Two and a half years ago, on the weekend of July 4th, our friend David woke and found himself unable to speak. Within days, he was diagnosed with a malignant brain tumor. A month later, he and his girlfriend of many years attended our daughter's wedding. David wore a straw brimmed hat to cover the scar from his surgery. His wife-to-be said that he looked like the "perfect Southern gentleman."

Another surgery followed that October. He never really recovered his ability to speak, but, despite his difficulties with communicating, we knew that David was still there behind his impish grin. The next spring he and M were married. They both quit working. He took an "extended leave of absence" because the work he loved had become impossible, and she retired, in order to care for him. On December 4th, M called to tell us that David had died at home early that morning.

We'll never forget David. He was a bit eccentric and very opinionated. Even as a young man, he affected the persona of an irascible curmudgeon. He professed to live by three rules:

1) Never buy a house.
2) Never get married.
3) Never have children.

His friends were surprised and delighted when he broke rules one and two.

He was fun to be with. For years, before he and M began celebrating holidays with her grown-up children, he would usually spend Thanksgiving with our family. He'd have us all roaring with laughter at the stories he'd tell, such as the merry chase that ensued on Christmas morning at his cousin's house when a gift piglet escaped from its box under the tree.

Until his widowed mother moved in with him in her 90's, he would fly home during holidays and at other times to be with her. One October, after he'd just returned from a visit, I asked how she was doing.

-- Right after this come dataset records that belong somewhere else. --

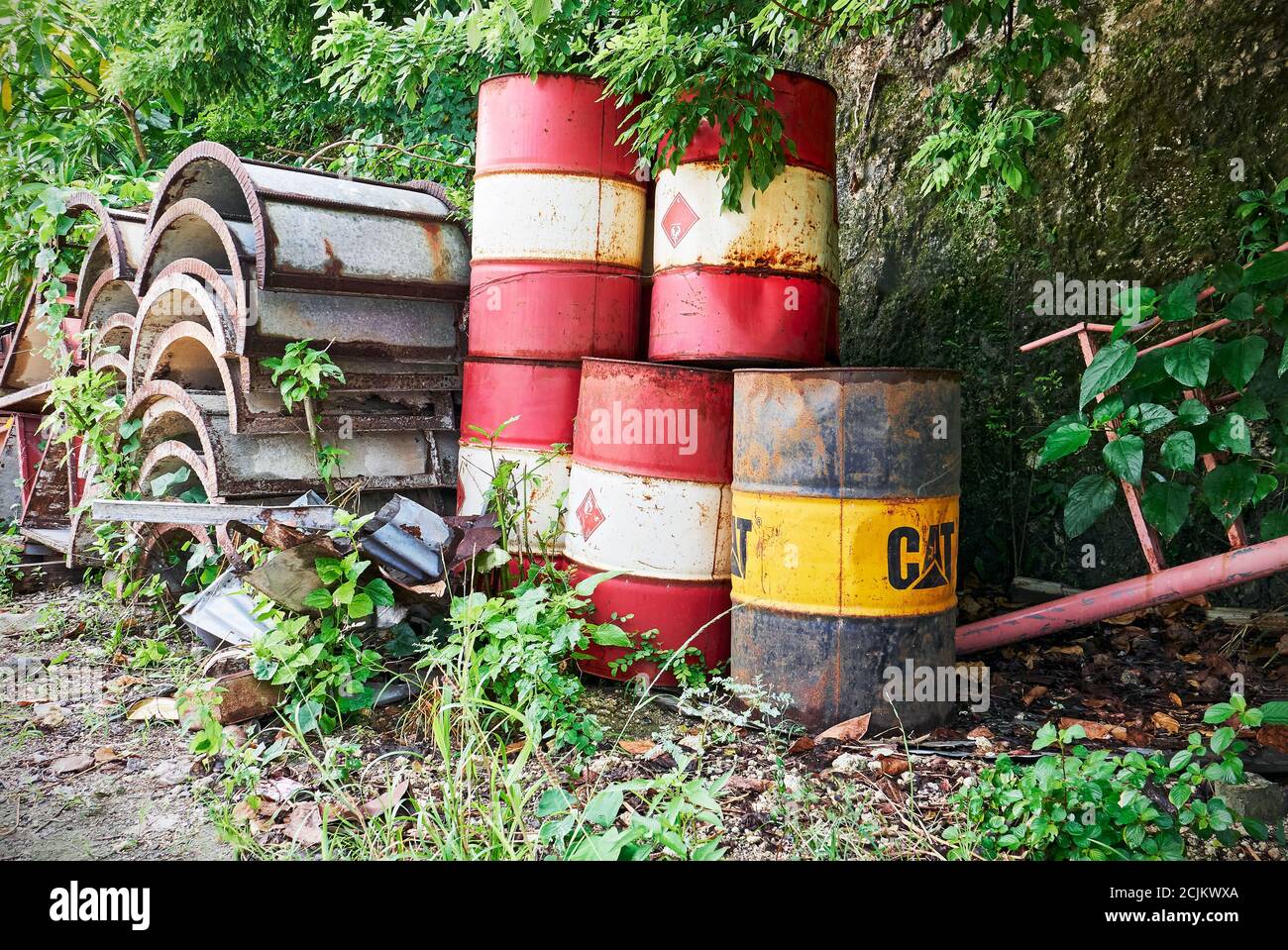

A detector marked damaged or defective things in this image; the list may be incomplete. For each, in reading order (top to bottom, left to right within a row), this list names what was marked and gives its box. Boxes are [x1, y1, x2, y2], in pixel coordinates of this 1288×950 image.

rusty red barrel [470, 74, 642, 363]
rusty red barrel [646, 70, 836, 367]
rusty red barrel [452, 357, 571, 555]
rusty red barrel [563, 361, 733, 686]
rusty red barrel [733, 369, 951, 733]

"Oh, she's fine, now that she knows that her furnace wasn't stolen."

"Why'd she think it was stolen?"

"She went down in the basement and it wasn't where she thought it should be."

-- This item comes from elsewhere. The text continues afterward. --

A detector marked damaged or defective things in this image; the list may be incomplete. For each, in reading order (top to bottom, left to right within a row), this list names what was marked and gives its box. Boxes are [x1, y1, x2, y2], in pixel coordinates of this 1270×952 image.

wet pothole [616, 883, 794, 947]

"So what made her realize that it wasn't stolen?"

"Well, it came ON."

He pronounced "on" like "own," being from Alabama. During our last visit with him in July, we saw a photo of his grandfather in his Confederate Army uniform, sitting tall astride a horse. We saw a portrait of his father, a pilot in the first World War. David's grandfather--but perhaps it was his father-- spent a brief time in jail for refusing to pay some kind of tax or fine. This sounds like something David would have done.

He worked in the same office as my husband. They disagreed on most things political. When my husband bemoaned the loss of habitat for the spotted owl, David would have none of it. "So what if it becomes extinct?" he said. "Science can always breed something better than the spotted owl." Their disagreements rarely got in the way of their discussions.

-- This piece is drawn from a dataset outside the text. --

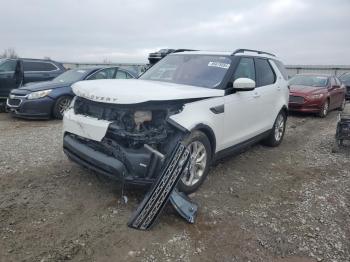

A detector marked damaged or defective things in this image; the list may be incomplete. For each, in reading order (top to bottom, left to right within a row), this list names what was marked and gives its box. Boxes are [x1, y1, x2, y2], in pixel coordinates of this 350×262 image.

crumpled hood [72, 79, 224, 104]
damaged headlight [134, 110, 152, 131]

David loved classical music. He had a huge collection of CDs, which he kept scattered all over the floor of his living room. Another friend, who meticulously catalogued and organized his own enormous collection, was aghast at David's indifference to order. "But what happens when you want to compare one guy's performance with another?" (This was the kind of music lovers they were.) "Oh," said David, "I just paw through the stuff on the floor, and if I don't find what I'm looking for, I always find something else I'm just as happy to listen to."

This was our David. We loved him, and now he is gone.

2 comments:

Golden To Silver Val said...

I'm so sorry for your loss, but isn't it wonderful that your fond memories will keep him magically alive.

CJM-R said...

I am sorry to hear that you lost a friend. He sure sounded like an interesting man. Glad he found someone who loved him and took care of him.

Take care and please offer my sympathy to your husband as well.